Procedures (ESX)

From vwiki
Jump to navigation Jump to search

Links to VMware KB docs...

Quick commands

vmware -v ESX3 software version and build
vmware -l ESX4 software version and build
vm-support -x List running VM's
vmware-cmd -l List config files of VM's registered to ESX
esxcfg-rescan vmhba0 Perform LUN rescan on vmhba0
esxcfg-vmhbadevs List HBA LUN mappings
esxcfg-scsidevs --hbas List HBA devices
esxcfg-mpath -l List all LUNS and their paths

ESX Shutdown / Reboot

ESX

  • Shutdown a host ready for power off
    • shutdown -h now
  • Restart a host
    • shutdown -r now

ESXi

  • Shutdown a host ready for power off, either of
    • /bin/host_reboot.sh
    • reboot
  • Restart a host
    • /bin/host_shutdown.sh

High Availability Stop/Start

  • Stop HA...
    • /etc/init.d/VMWAREAAM51_vmware stop
  • Start HA...
    • /etc/init.d/VMWAREAAM51_vmware start

VMware Management Agent Restart

ESX

service mgmt-vmware restart
Stopping VMware ESX Server Management services:
  VMware ESX Server Host Agent Services                   [  OK  ]
  VMware ESX Server Host Agent Watchdog                   [  OK  ]
  VMware ESX Server Host Agent                            [  OK  ]
Starting VMware ESX Server Management services:
  VMware ESX Server Host Agent (background)               [  OK  ]
  Availability report startup (background)                [  OK  ]

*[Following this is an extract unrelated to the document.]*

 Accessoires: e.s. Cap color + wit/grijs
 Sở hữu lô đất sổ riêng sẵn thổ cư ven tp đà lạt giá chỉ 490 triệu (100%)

If this fails to stop the service, you can try to manually kill the processes.

  1. Determine the PID's of the processes
    • ps -auxwww | grep vmware-hostd
    • which should give you something like, in which case the PID's are 2807 and 2825...
    • root 2807 0.0 0.3 4244 884 ? S Mar10 0:00 /bin/sh /usr/bin/vmware-watchdog -s hostd -u 60 -q 5 -c /usr/sbin/vmware-hostd-support /usr/sbin/vmware-hostd -u
    • root 2825 0.1 12.0 72304 32328 ? S Mar10 1:14 /usr/lib/vmware/hostd/vmware-hostd /etc/vmware/hostd/config.xml -u
    • root 13848 0.0 0.2 3696 556 pts/0 R 08:43 0:00 grep vmware-hostd
  2. Kill the PID's using kill -p pid
    • So, for example, kill -9 2807 and kill -9 2825
  3. Then reattempt the service restart

To also restart the Virtual Centre Agent, use

service vmware-vpxa restart

ESXi
services.sh restart

VMware Web Access Restart

service vmware-webAccess restart
Stopping VMware ESX Server webAccess:
   VMware ESX Server webAccess                             [FAILED]
Starting VMware ESX Server webAccess:
   VMware ESX Server webAccess                             [  OK  ]

VM Start

On the ESX that currently owns the VM...

  1. Get the VM's config file path
    • vmware-cmd -l | grep VM_Name
  2. Start the VM using the path found
    • vmware-cmd \vm_path\VM_Name.vmx start
  3. Wait for start-up to complete, if start-up fails check the VM's log
    • less \vm_path\vmware.log

Maintenance Mode

To put the ESX into maintenance mode with no access from the Infrastructure Client (VCP) use the following commands - use with caution

Put esx into maintenance mode:

vimsh -n -e /hostsvc/maintenance_mode_enter

check the esx is in maintenance mode

vimsh -n -e /hostsvc/runtimeinfo | grep inMaintenanceMode | awk ‘{print $3}’

exit maintenance mode

vimsh -n -e /hostsvc/maintenance_mode_exit


TCPDump Network Sniffer

Basic network sniffer available in Service Console

TCPDump instruction manual

EG To sniff all traffic on the Service Console interface, vswif0, going to/from 159.104.227.40

tcpdump -i vswif0 host 159.104.224.70


Security

Password Complexity Override

In order to be able to change a user (or root) password to one that breaches password complexity checking

  1. Disable PAM module
    • esxcfg-auth --usepamqc -1 -1 -1 -1 -1 -1
  2. Disable complexity checker
    • esxcfg-auth --usecrack -1 -1 -1 -1 -1 -1
  3. Change password
  4. Re-enable PAM module
    • esxcfg-auth --usepamqc=-1 -1 -1 -1 8 8

Regenerate Certificate

You might need to regenerate certificates if

  • Change ESX host name
  • Accidentally delete the certificates

To generate new Certificates for the ESX Server host...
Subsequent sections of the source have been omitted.